We’re still hanging out in Lindisfarne. It’s such a lovely peaceful place it’s been hard to drag ourselves away, that and the fact that my OH is watching a couple of specific birds in the sand dunes. One’s a Meadow Pippit with eggs and the other is a Stonechat with chicks.
Meadow Pippit, needless to say, my OH's pic
I spent a glorious afternoon at the Lindisfarne Centre on Tuesday, studying a facsimile of the Lindisfarne Gospels, which are the gospels of Mark, Mathew, Luke and John that were originally written and illustrated between 698and 721. The following explanation explains it better than I can, and I was rather awed by the second piece I found at the exhibition, which I thought was a wonderful sentiment.
The illustrated plates are wonderful, with such vibrant colours and attention to design, which of course features the beautiful Celtic patterns.
Here’s just one example of St John ‘……holding a scroll symbolising the Book of Life in which the names of the blessed are inscribed’.
The exhibition also had two large Celtic quilt on display, which are beautifully made.
As the weather was lovely on Wednesday morning we took our walk on the beach before breakfast again and this time I remembered my camera, and just as Diedre had once commented you always find one shoe, how is possible not to notice you’re one shoe short?
And then of course there was this lovely bit of driftwood with this fantastically weathered bark.
On Thursday we woke up to awful weather and it was no good at all for photography so as soon as it was low tide we set off for Chillingham Castle, which is supposed to be the most haunted castle in Britain. Sadly though, the ghosts must have all been on holiday the day we went.

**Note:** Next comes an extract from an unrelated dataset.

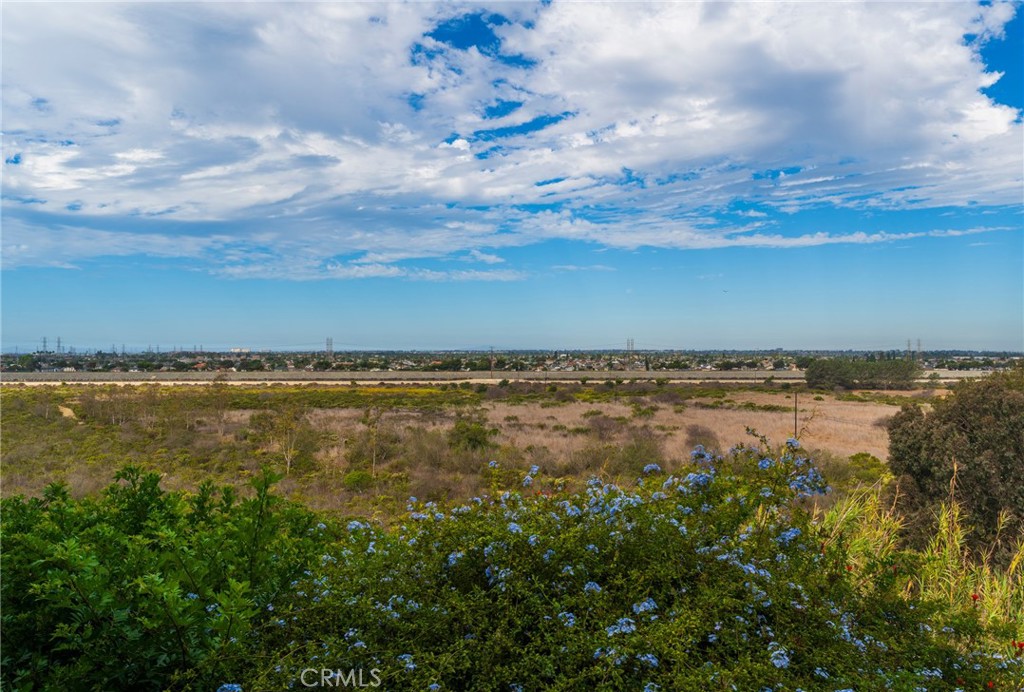 Mesa Bluffs (MBLF) - Residential Lease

The castle was built as a 12th century stronghold, and remained occupied continuously until the 1930’s. when it went into decline until it was bought in the mid 80’s and has been undergoing restoration ever since. It’s definitely a WIP, but that gives it its charm plus the present owner uses it as a family home. He also has a very large collection of what I can only describe as miscellaneous ‘stuff’.
One of the things I found amongst the collections was this American late 19th century quilt which was apparently made by a cowboy’s wife from bits of left over cloth and is an unusually large piece for it’s type.
This is one of the bedrooms.
And I found this spinning wheel complete with wools and a bit of rather grotty knitting, loitering on one of the landings.
It was a very good second visit for me as there’s very little restriction in the way of photography and most of the collections are easy to view, I would recommend it as a great place to go as an alternative country house.
The way they make sure that no-one steals any of the artefacts is to put several letters and articles on show explaining what bad things have happened to anyone who takes things and this is only put right by their return! Quite a novel deterrent.
I think this will be my last post now till I get home as I don't know when I might be able to connect to the internet again, so many thanks to all who've commented on the trip so far and I will definitely catch up with you all when I get back.